Over inexact rings, it is generally impossible to determine the rank or to 
check whether a square matrix is singular, so such a check should not be 
done at all, IMO. This implies that the `check` keyword should be ignored. 
This is also what https://trac.sagemath.org/ticket/13932 is about. For 
inexact rings like RDF/CDF, the Matlab behavior is consistent and 
predictable. In particular, the answer does not depend on numerical noise. 
In other words, for near-singular square matrices, the method should _not_ 
attempt to find a least-squares solution, but continue the computation as 
if the matrix was regular (which may lead to a warning or error). 
Otherwise, the output of the method would just be very unpredictable, so 
one would always have to check which type of solution it decided to return.

For inexact rings other than RDF/CDF, other notions of "approximate 
solution" may be more appropriate, but that does not seem to be a problem 
as long as it clearly documented.

For exact rings, it is possible to determine the rank and whether an exact 
solution exists.
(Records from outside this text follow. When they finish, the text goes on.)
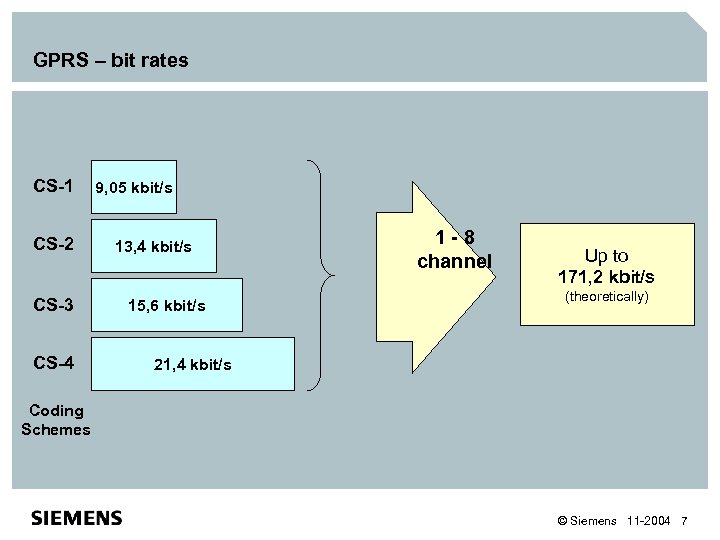 GPRS – bit rates CS-1 CS-2 CS-3 CS-4 9, 05 kbit/s 13, 4 kbit/s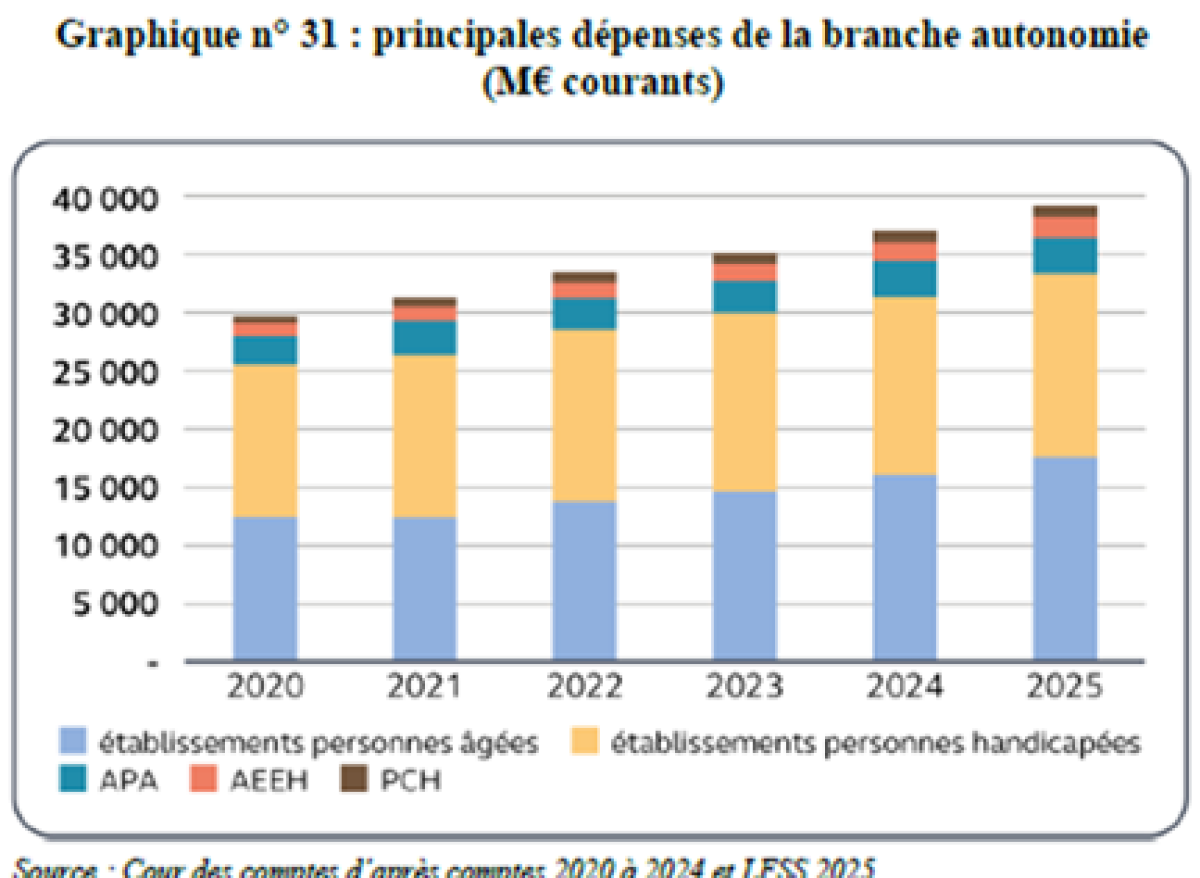 Evolution des dépenses de la branche autonomie depuis 2020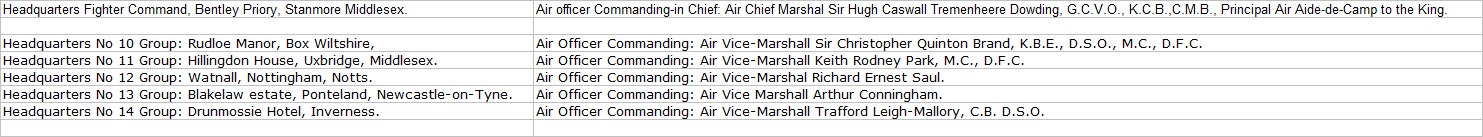 Fighter Command Senior Commanders.png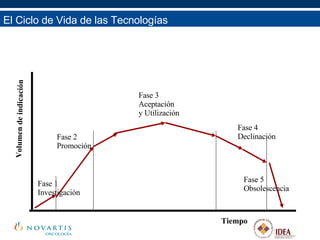 El Ciclo de Vida de las Tecnologías El Ciclo de Vida de las Tecnologías Fase 1 Investigación Fase 2 Promoción Fase 3 Aceptación  y Utilización Fase 4 Declinación Fase 5 Obsolescencia Tiempo Volumen de indicación 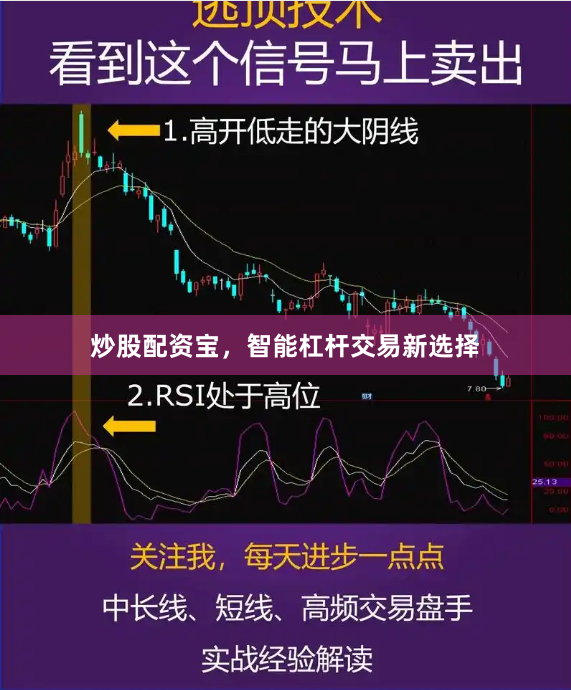 炒股配资宝，智能杠杆交易新选择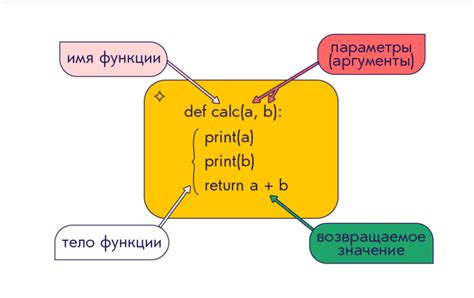 Шаг 5: Программирование основных функций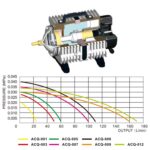 Compresora De Aire Modelo AC003 Marca: Resun, Acuarios - Imagen 3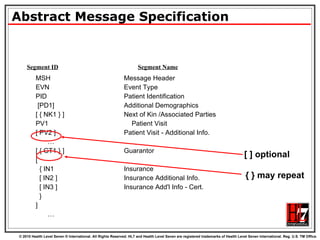 Abstract Message Specification MSH Message Header EVN Event Type PID Patient Identification [PD1] Additional Demographics [ { NK1 } ] Next of Kin /Associated Parties PV1 Patient Visit [ PV2 ] Patient Visit - Additional Info. … [ { GT1 } ] Guarantor [  { IN1 Insurance [ IN2 ] Insurance Additional Info. [ IN3 ]  Insurance Add'l Info - Cert. }  ] … Segment ID Segment Name [ ] optional { } may repeat 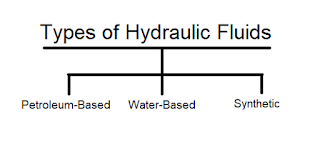 types of hydraulic fluids, types of hydraulic oils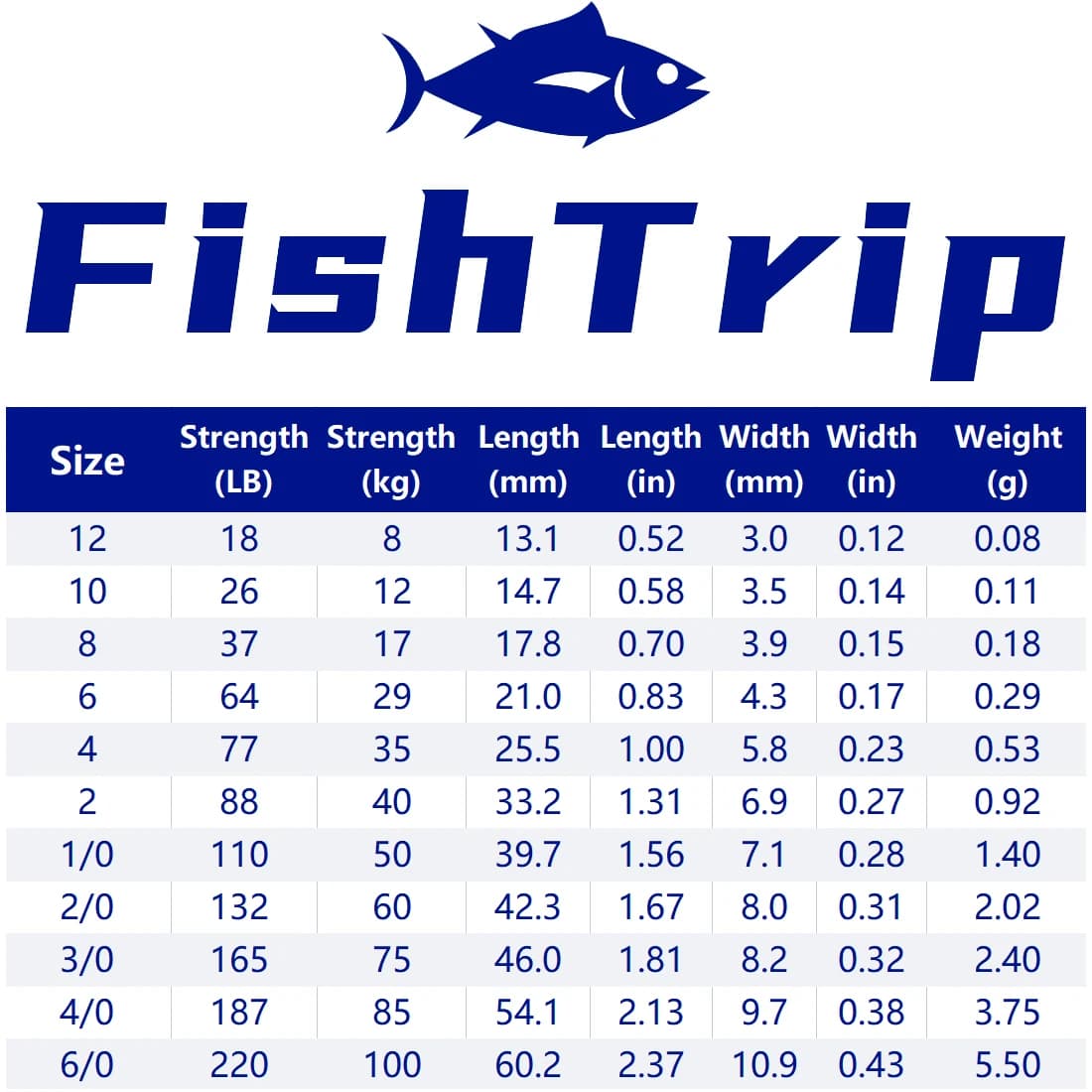 Snap Swivel FishTrip pour leurres et montages hélicoptère, lot de 10 à 100 émerillons à clip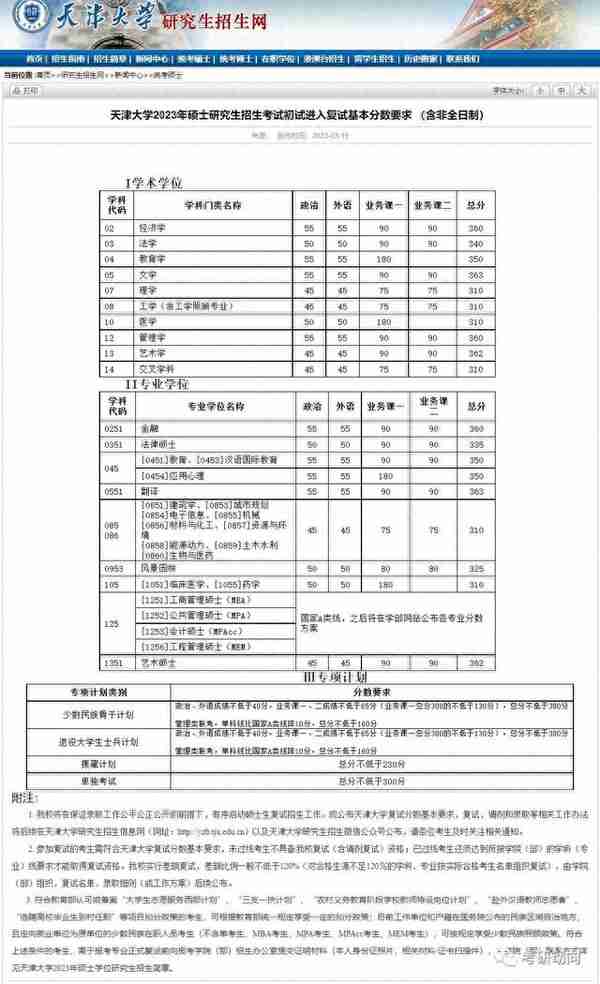 赶紧来看！多所院校公布23考研复试线！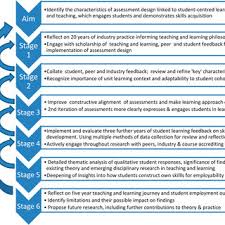 Good study skills and study techniques are crucial for your academic success. Pdf Building And Construction Students Skills Development For Employability Reframing Assessment For Learning In Discipline Specific Contexts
Therefore, I would expect the method to always return an 
exact solution if it exists and raise an error otherwise, regardless of 
whether the matrix is square or not. The `check` keyword is, in my 
understanding, a detail that helps speed up a computation if one already 
knows a priori that what it would check is unnecessary. Otherwise, the 
output may just be wrong.

I will try to reply to your changes on the ticket soon.